As Bill Moyers would say, “Welcome to the plutocracy.”

Moyers gave a speech in October as part of this year’s Howard Zinn Lecture Series. He chose a topic that he feels is vital to our understanding of our current situation: we have been robbed. We now live in a society where the wealth distribution is equivalent to, or worse than, it is in banana republics such as Nicaragua, Venezuela, and Guyana. A concerted effort began in 1980 to demolish the middle class and shift wealth into the hands of the richest Americans. The government, the media, and the financial industry have conspired together to hide that fact from us. So Moyers decided to lay out the entire scam in his lecture:

•The richest 1 percent of Americans take home 24 percent of the country’s income. That’s almost 10 percent more than the wealth gap during the Gilded Age, where the richest 1 percent had corned 15 percent of the nation’s wealth.

•CEOs now make an average of 531 times as much as the average worker.

•American CEOs have cut, in the past decade, one in three manufacturing jobs in the U.S.

•Under the Bush tax cuts, which will now probably be re-instated, the richest 0.1 percent of Americans will receive about $370,000 in tax cuts…and it will not “trickle down” because studies show this class invests tax-return money, not spends it.

•From 1950 to 1980, an even distribution of wealth across the classes created an average income which rose from $17,719 to $30,941, or about $661 a year.

•But from 1980, when Reagan took office and the official plundering of national wealth began, to 2008, the average worker’s income has gone from $30,914 to $31,244. That means over the past 20 years, our average income has only risen $303. That’s $15.15 a year.

It’s called what Moyers calls “wage repression.” It’s created two different Americas. And that’s clearly class warfare.

Moyers states:  That’s how financial capitalism works today: Conserving cash rather than bolstering hiring and production; investing in their own shares to prop up their share prices and make their stock more attractive to Wall Street. To hell with everyone else…If this were a functioning democracy, our financial institutions would be helping everyday Americans and businesses get the mortgages and loans – the capital – they need to keep going; they’re not, even as the financiers are reaping robust awards…The  super-rich earn their fortunes with overseas labor, selling to overseas consumers and managing financial transactions that have little to do with the rest of America,  while relying entirely or almost entirely on immigrant servants at one of several homes around the country.

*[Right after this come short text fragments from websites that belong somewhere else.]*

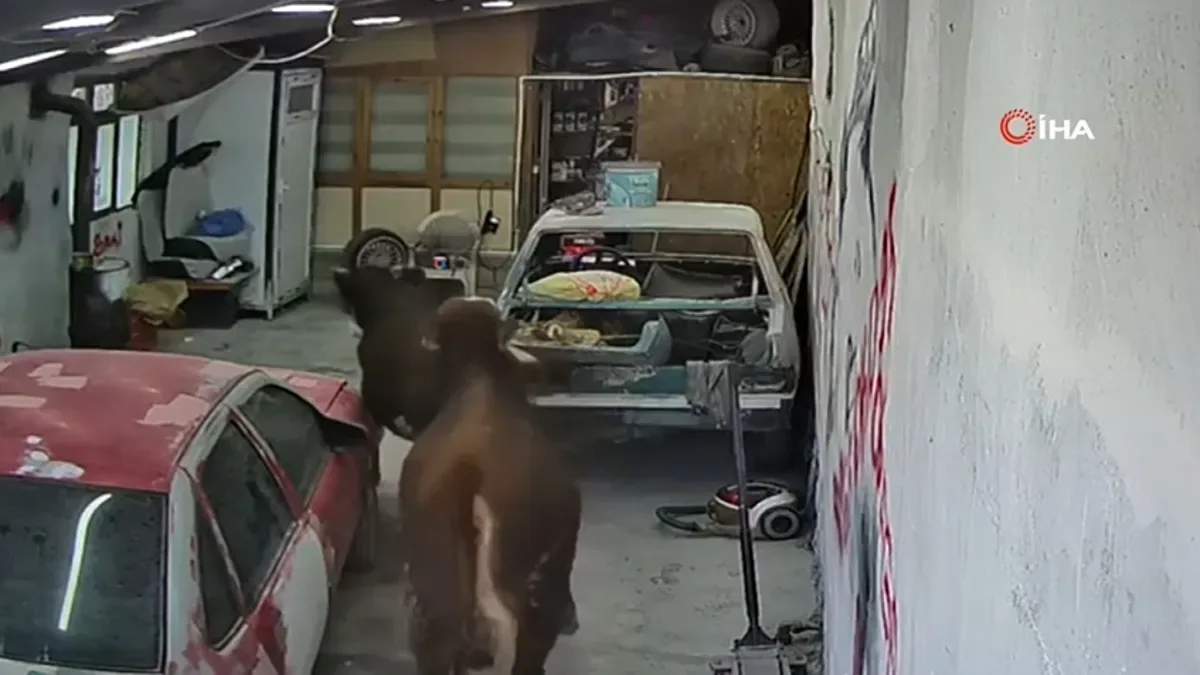 Danalar Oto Tamirciyi Bastı, Korku Dolu Anlar!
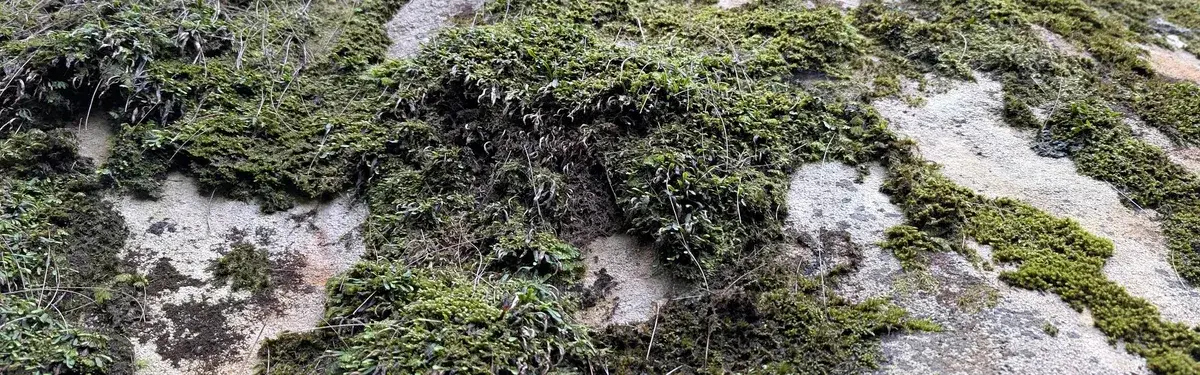 Close up of moss and lichen patchwork on a boulder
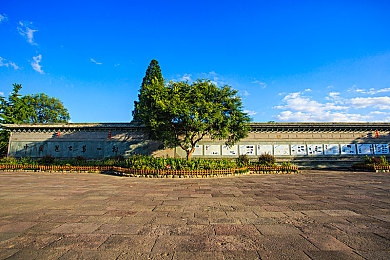 黄三色香港哪三色颜色搭配图片｜“色彩传奇：香港黄三色冒险之旅”-4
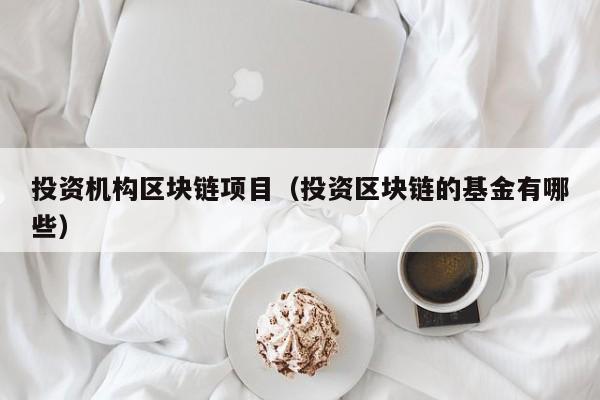 投资机构区块链项目（投资区块链的基金有哪些）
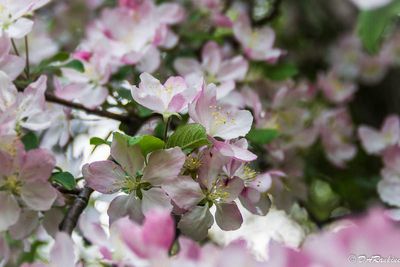 The Pink in Apple Blossoms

Moyer’s entire speech can be read here. It’s well worth the time.

And it explains a lot. The capitalists are telling us the recession is over because for them, it is. In fact, between the bailout dollars on Wall Street, the constant squeezing of wages and the invented “jobs deficit,” good times have never been better for them. But the other 90 percent of us are trapped in the gray world of a recession—a recession that those in power have a vested interest in continuing, if possible, forever.

Mainstream newspapers like the Grand Rapids Press help corporations maintain the smoke-and-mirrors illusion that things are just not as bad as we think they are. That’s the purpose of those jolting, occasional articles about the end of the recession. It’s a weapon of mass confusion, and an effective one, considering how much has been stolen from us and how little we still understand about the criminals who robbed us.